Díaz Canto y Ángel Gavino, ayer a las puertas de El Cortijo de Guadacorte. Díaz Canto y Ángel Gavino, ayer a las puertas de El Cortijo de Guadacorte.

Díaz Canto y Ángel Gavino, ayer a las puertas de El Cortijo de Guadacorte.

El linense Juan Enrique Díaz Canto está apartado de la vida futbolística desde hace bastante más de una década. El tiempo que ha pasado desde que decidió dejar el mando de la Real Balompédica que compartía con José Antonio Rico Charlo. El desánimo que le dejó su paso por la Balona -en la que confiesa abiertamente que nunca se sintió "respaldado" por el entorno- le ha llevado a alejarse de los terrenos de juego hasta tal punto que casi es incapaz de acordarse cuándo vio su último partido en directo, a excepción de una reciente visita a Gibraltar que tuvo más de compromiso familiar que de interés por lo que podría ver sobre el césped.

Después de un paso por la cantera del Cádiz, el espigado exdefensa del añorado Club Deportivo Museo, del San Roque y de la propia Balona, llevó luego las riendas del conjunto albinegro y del Guadiaro, con el que logró una permanencia agónica a comienzos de los noventa que aún le hace esbozar una sonrisa no sólo por lo que supuso en su día a título personal y para la entidad, sino por la forma en que se consolidó en una última jornada que aún recuerdan los aficionados al fútbol de las botas negras.

"Entonces no había teléfonos móviles y aunque ganamos en Tarifa pensábamos que estábamos descendidos. Fue precisamente Rubén Almagro el que me dio la noticia de que el partido entre Algeciras y Pastores había acabado en empate cuando llegué a casa, ya en La Línea y salí corriendo para Guadiaro a celebrarlo", recuerda. "Aún tengo guardado aquel Europa Sur en el que se ven las fotos con los jugadores manteándome en plena calle".

"Muchas veces me pregunto con lo que a mí me gusta el fútbol y todo el sacrificio que hice en todos los apartados, cómo he podido llegar a este punto de desapego, pero una vez rompes con esto...", explica.

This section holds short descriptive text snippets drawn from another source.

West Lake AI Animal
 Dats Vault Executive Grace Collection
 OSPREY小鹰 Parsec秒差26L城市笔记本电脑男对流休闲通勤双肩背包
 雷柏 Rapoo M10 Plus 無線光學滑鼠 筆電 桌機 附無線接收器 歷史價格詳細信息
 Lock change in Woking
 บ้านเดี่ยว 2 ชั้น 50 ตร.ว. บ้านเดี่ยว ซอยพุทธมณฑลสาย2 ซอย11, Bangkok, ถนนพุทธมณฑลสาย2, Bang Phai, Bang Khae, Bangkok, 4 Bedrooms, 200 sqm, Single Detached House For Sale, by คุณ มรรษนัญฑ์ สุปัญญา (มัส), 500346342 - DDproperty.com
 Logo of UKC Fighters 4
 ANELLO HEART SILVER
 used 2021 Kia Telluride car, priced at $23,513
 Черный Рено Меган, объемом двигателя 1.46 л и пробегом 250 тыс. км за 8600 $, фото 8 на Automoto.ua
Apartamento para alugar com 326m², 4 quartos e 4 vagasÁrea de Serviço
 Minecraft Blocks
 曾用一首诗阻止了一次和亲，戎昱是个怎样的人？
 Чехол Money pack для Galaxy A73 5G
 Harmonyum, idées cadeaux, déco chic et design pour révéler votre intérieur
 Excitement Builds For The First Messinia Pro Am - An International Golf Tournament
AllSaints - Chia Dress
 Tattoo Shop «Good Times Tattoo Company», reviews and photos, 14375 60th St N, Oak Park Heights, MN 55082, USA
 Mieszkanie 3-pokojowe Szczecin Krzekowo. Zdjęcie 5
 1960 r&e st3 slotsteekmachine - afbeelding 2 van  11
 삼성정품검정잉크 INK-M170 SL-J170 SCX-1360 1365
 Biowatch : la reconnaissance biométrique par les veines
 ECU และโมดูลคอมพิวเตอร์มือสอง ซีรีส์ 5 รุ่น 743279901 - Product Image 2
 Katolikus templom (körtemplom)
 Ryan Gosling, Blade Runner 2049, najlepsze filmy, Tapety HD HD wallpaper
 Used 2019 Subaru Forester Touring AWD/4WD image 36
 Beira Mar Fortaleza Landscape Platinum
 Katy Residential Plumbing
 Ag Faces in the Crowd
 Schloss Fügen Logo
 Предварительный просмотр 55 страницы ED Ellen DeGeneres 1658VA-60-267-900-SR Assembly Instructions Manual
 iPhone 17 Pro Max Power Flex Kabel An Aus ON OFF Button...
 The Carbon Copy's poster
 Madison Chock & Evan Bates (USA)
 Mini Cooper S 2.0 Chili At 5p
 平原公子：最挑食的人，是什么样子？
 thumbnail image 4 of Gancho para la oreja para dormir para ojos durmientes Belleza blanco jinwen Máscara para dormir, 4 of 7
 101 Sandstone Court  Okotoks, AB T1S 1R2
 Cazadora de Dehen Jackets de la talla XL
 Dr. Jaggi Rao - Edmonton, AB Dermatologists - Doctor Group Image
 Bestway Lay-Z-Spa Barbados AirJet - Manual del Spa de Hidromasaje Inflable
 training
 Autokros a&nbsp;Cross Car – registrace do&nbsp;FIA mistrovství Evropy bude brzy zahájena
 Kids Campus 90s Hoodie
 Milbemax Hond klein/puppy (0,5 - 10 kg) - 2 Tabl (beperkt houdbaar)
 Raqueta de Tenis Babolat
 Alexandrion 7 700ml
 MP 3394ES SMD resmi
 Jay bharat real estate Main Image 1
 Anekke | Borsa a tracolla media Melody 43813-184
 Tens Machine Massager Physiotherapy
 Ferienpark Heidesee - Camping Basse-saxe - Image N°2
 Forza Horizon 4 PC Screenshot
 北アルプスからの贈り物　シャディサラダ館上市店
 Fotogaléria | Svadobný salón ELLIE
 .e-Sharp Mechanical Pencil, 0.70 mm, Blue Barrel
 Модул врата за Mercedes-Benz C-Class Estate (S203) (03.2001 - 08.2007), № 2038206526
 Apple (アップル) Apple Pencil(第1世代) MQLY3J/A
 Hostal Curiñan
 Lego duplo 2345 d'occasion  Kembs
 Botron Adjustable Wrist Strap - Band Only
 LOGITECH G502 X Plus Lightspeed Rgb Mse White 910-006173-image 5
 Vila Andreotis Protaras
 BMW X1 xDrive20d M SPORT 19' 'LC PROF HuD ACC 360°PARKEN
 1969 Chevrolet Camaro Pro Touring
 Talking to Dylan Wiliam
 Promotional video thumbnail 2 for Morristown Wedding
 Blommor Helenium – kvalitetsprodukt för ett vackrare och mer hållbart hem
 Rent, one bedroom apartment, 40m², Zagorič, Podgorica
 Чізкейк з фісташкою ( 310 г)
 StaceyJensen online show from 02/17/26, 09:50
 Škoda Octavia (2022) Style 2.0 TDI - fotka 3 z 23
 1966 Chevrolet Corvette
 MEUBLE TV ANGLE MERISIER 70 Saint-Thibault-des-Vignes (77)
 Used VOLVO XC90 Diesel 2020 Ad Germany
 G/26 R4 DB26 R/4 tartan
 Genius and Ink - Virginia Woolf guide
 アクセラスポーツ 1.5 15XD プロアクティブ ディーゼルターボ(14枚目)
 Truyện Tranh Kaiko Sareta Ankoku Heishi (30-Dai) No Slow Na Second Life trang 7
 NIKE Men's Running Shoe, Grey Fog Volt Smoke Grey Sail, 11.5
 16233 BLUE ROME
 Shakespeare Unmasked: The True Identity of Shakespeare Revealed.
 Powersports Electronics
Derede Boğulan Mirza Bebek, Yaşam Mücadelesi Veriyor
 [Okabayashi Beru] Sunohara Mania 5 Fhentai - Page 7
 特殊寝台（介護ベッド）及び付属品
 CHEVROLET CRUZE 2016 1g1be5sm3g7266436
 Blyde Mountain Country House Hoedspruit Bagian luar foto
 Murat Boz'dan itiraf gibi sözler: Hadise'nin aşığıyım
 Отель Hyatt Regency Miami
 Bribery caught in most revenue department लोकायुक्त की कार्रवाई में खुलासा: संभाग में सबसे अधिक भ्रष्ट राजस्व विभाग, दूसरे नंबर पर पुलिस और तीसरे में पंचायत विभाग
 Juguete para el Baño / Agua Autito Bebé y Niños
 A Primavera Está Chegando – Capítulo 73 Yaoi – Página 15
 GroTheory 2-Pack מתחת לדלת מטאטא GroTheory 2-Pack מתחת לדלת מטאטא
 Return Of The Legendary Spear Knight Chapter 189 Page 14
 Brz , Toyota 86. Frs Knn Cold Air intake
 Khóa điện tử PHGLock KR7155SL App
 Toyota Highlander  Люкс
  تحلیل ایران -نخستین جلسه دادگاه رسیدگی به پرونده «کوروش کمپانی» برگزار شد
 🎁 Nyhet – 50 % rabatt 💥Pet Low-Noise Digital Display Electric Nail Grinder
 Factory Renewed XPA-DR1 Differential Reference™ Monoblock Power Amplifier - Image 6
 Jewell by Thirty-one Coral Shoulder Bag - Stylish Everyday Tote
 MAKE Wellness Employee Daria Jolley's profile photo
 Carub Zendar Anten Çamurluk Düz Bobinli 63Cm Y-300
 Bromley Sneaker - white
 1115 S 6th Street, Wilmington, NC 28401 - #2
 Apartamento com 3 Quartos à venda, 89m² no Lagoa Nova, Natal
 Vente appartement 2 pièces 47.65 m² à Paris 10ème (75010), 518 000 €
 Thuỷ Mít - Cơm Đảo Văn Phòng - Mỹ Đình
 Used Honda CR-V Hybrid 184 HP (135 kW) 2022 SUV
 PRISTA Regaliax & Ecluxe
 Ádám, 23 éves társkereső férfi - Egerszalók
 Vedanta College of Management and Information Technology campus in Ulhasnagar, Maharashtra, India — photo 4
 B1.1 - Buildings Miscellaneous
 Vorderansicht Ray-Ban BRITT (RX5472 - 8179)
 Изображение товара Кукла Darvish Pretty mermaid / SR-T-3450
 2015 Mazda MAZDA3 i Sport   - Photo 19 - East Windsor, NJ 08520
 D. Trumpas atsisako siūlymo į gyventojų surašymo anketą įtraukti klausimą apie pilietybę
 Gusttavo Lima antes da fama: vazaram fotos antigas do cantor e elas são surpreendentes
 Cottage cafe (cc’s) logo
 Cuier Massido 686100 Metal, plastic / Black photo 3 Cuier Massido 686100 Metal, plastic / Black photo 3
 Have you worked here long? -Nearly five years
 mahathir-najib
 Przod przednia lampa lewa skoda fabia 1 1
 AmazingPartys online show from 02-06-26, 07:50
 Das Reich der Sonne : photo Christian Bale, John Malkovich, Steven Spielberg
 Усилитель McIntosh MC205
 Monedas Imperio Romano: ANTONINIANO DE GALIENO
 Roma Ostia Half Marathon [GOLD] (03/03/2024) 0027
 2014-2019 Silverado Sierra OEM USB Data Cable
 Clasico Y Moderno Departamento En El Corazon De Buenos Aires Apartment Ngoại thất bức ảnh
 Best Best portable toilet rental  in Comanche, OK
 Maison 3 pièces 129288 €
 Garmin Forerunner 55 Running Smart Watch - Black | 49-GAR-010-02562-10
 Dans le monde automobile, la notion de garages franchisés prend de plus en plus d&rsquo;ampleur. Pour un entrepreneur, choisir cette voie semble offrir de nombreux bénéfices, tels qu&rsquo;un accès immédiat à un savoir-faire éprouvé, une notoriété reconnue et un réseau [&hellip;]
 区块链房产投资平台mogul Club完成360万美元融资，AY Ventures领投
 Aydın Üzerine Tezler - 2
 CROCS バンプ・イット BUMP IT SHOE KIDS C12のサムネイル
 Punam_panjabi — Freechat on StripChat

Díaz Canto entiende que el barcelonista Andrés Iniesta desprende los valores que le permiten ser considerado como un referente personal, pero desde su condición de docente en el colegio Atunara de La Línea es conocedor de que a los más jóvenes "los que le llaman la atención son Messi y Cristiano".

El exfutbolista -que fue compañero de estudios del otro contertulio, el delegado de la Junta en la comarca Ángel Gavino- se muestra muy crítico con la situación del Campo de Gibraltar. "Viendo lo que veo a diario entiendo que el Campo de Gibraltar está muy deteriorado, sobre todo en lo que se refiere a empleo y a ofertas para los más jóvenes", sostiene.

"En La Línea cada vez existen menos posibilidades para la gente joven que sale a estudiar y regresa con sus carreras, gente preparada que no encuentra empresas para trabajar", denuncia. "Está claro que habría que hacer algo".